Der Totengräber am Endlager

Vor BIs und Betriebsrat erklärt Trittin, wie er das Endlager Gorleben überflüssig machen will: mit einer Kommission, in der auch Gorleben-Gegner sitzen  ■ Aus Dannenberg Jürgen Voges

„Unser Vertrauen in die Politik liegt tief im Salzstock Gorleben begraben“, sagte Mittwoch abend die Vorsitzende der Bürgerinitiative Lüchow-Dannenberg, Susanne Kamien. Schließlich sei die 22jährige Geschichte des Gorleben-Widerstands auch eine der gebrochenen Politikerversprechen. Auch von Bundesumweltminister Trittin wollten sich die AKW-Gegner nicht mit Absichtserklärungen abspeisen lassen. Beim Endlager Gorleben etwa soll Trittin den Antrag auf eine Verlängerung der Genehmigung für die „Erkundung“ des Endlagers zurückziehen, die Ende des Jahres ausläuft. Die Verlängerung hatte noch die alte Bundesregierung beantragt.

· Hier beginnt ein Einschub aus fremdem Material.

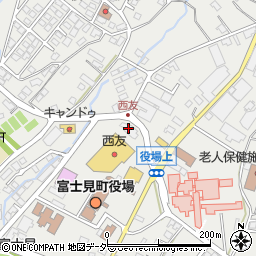 諏訪信用金庫富士見東支店周辺の地図
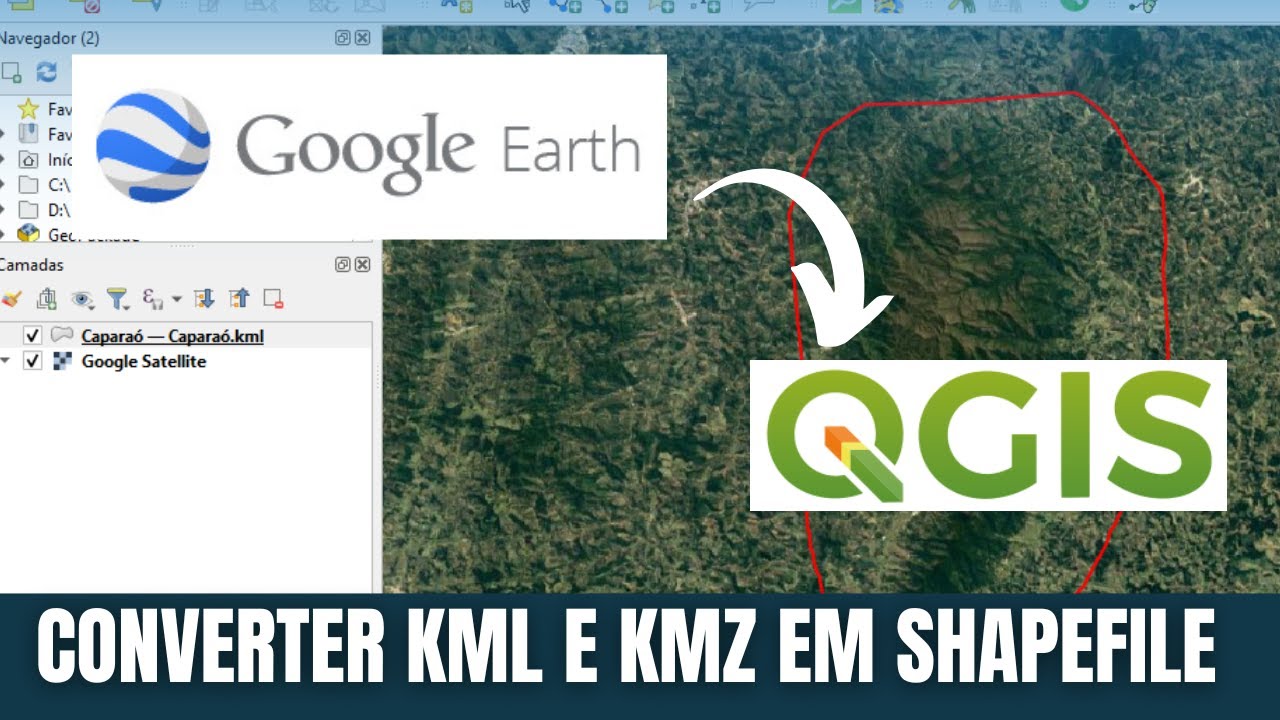 Como abrir KML e KMZ no QGIS e converter para SHAPEFILE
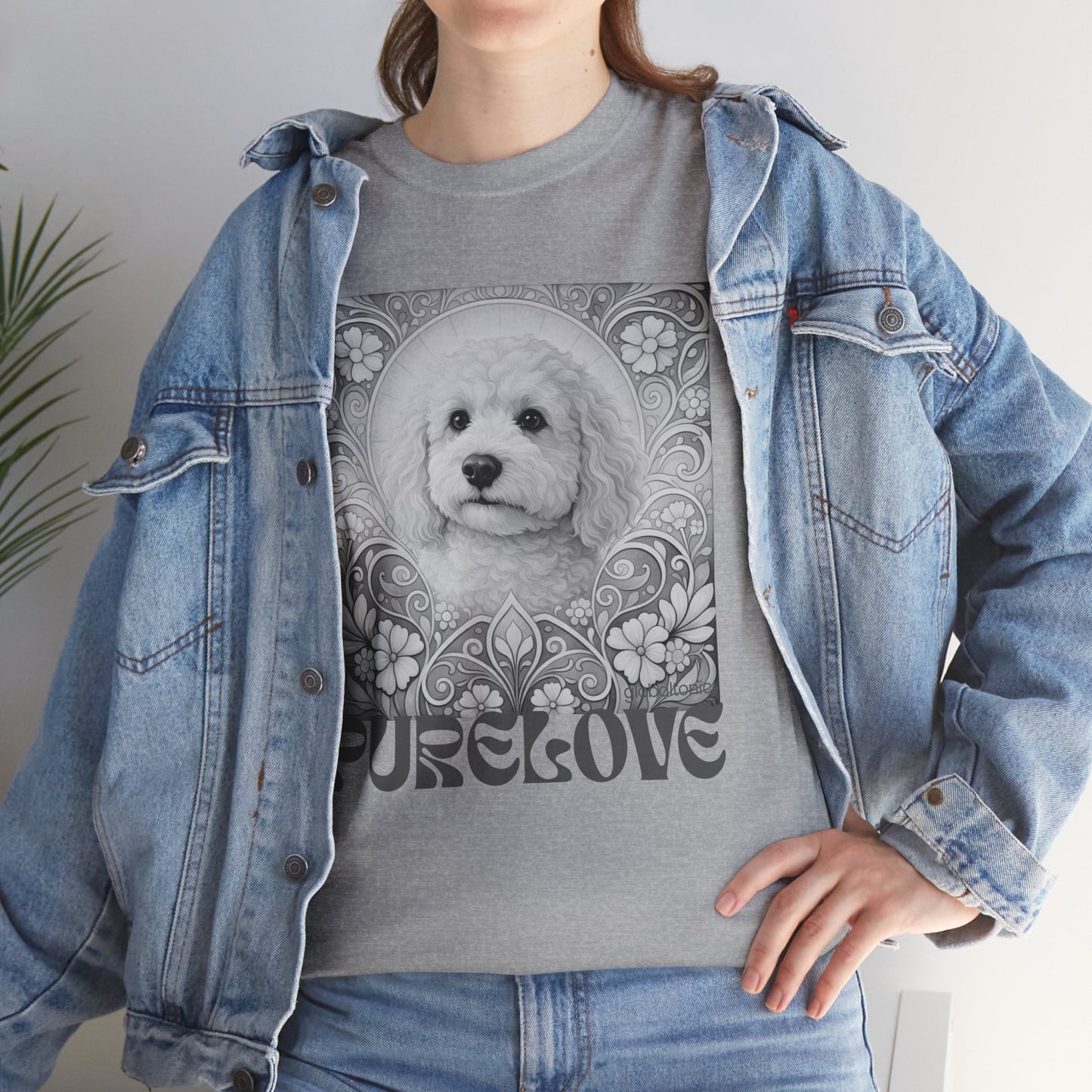 Goldendoodle (Groodle) Vintage Graphic T-Shirt – Unisex Cotton Tee for Dog Lovers (Black & White)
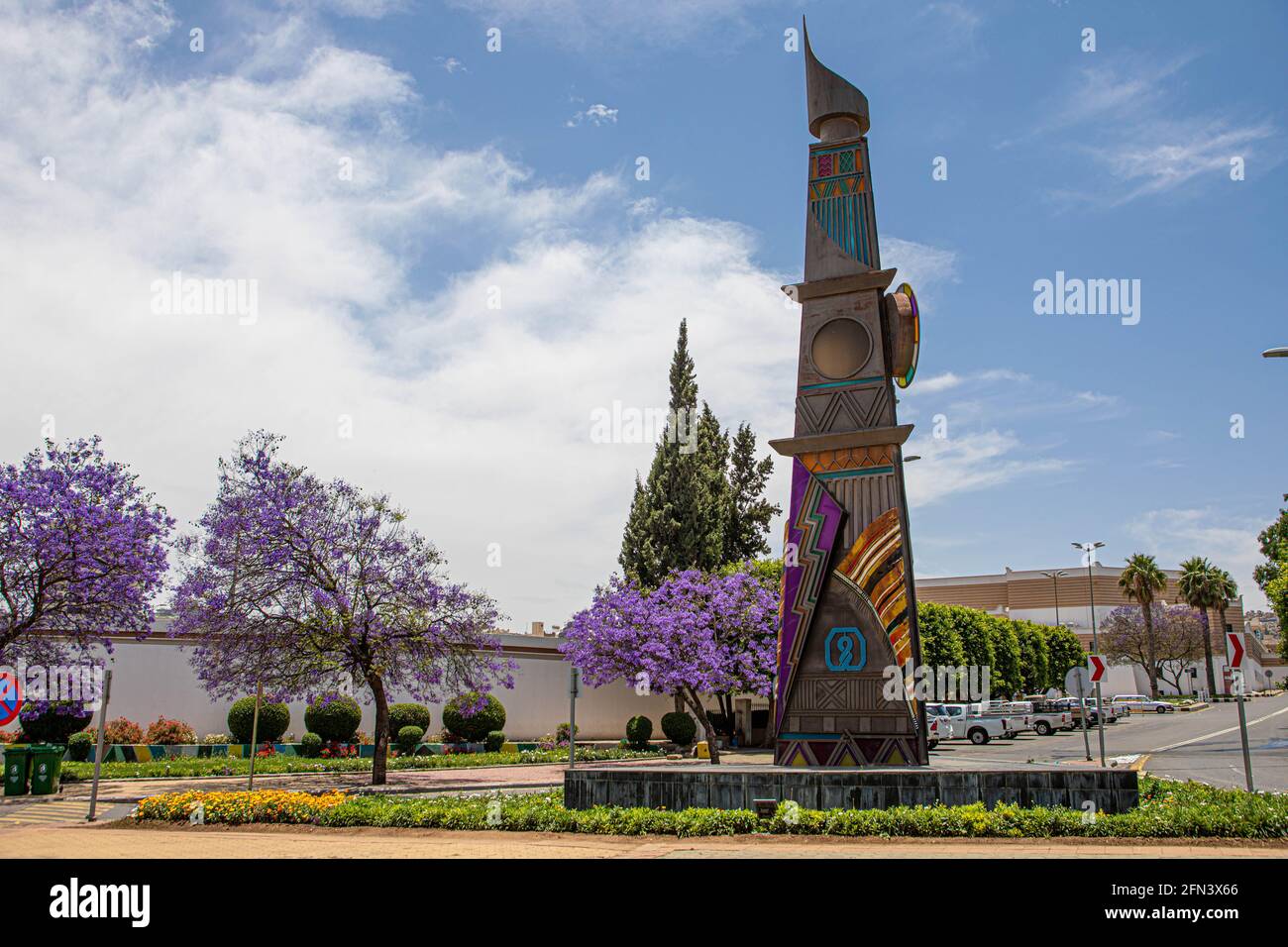 Abha, Saudi Arabia – April 1st 2021: Art Street Stock Photo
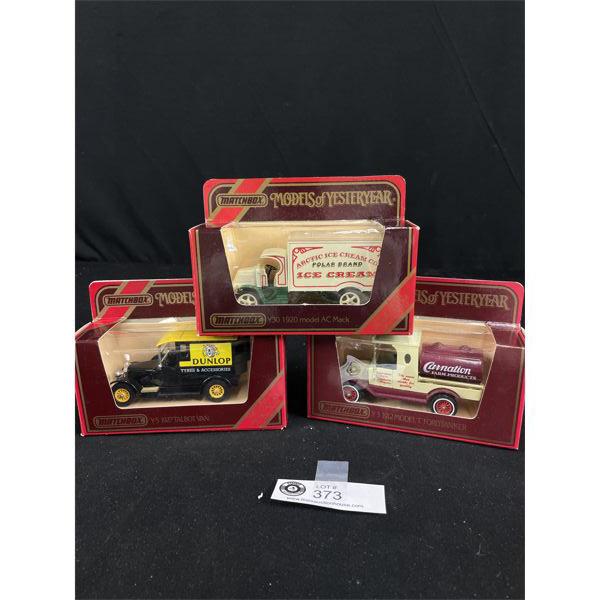 Lot of 3 Matchbox Models of Yesteryear in Original Boxes 1:45 Scale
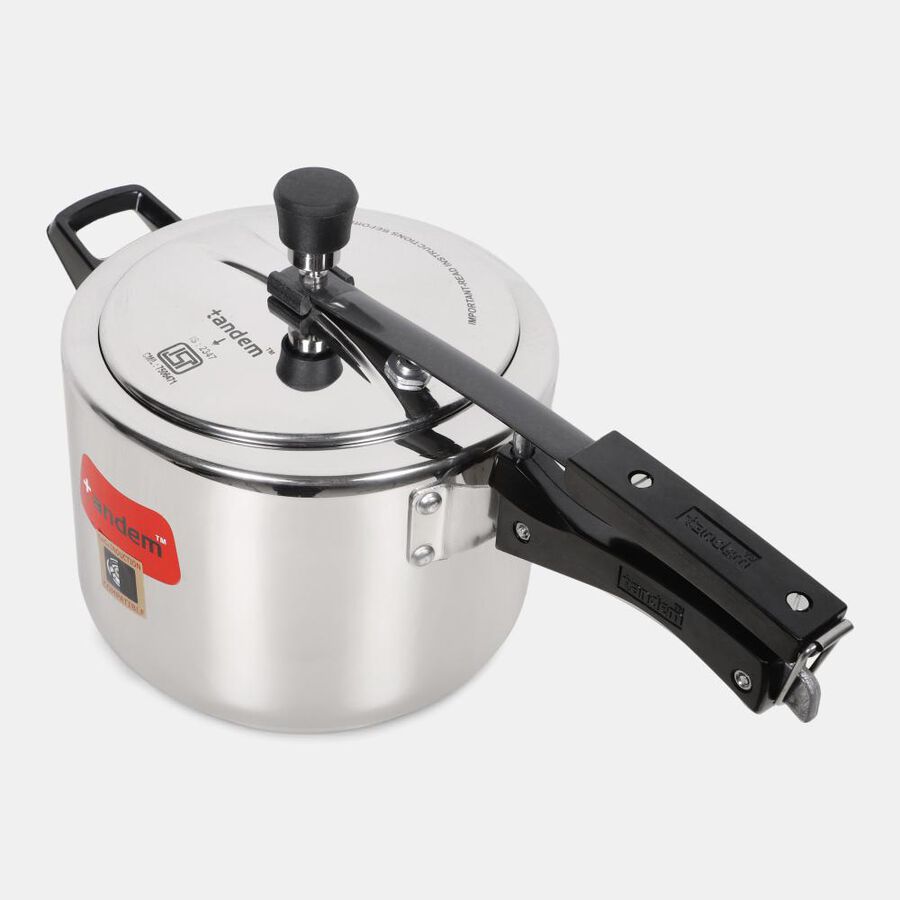 Induction Compatible 5L Steel Pressure Cooker, , large image number null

Trittin sagte am Mittwoch abend die Rücknahme dieses Antrages zu – allerdings mit Vorbehalten: „Wir wollen die Erkundung des Salzstocks vor Ende 1999 beenden. Die Planung dafür liegt vor“, versicherte der Bundesumweltminister. Allerdings müsse die Erkundung ohne Regreßforderungen derjenigen beendet werden, die sie bisher vorfinanziert hätten, der AKW-Betreiber also. Das müsse „noch etwa bis Ostern“ geprüft werden.

Dem Betriebsrat der Gesellschaft zum Endlagerbau, der ihn als „Totengräber unserer Arbeitsplätze“ bezeichnete, erklärte Trittin gestern auf seiner Tour durch die Gemeinde, daß von den „295 im Projekt Gorleben bisher Beschäftigten nach der Unterbrechung der Erkundung noch 80 weiter benötigt werden“. Diese sollen dann dafür sorgen, daß das Endlagerbergwerk nicht verfällt, solange Gorleben bei der Suche nach einem künftigen Endlagerstandort noch mit im Spiel ist.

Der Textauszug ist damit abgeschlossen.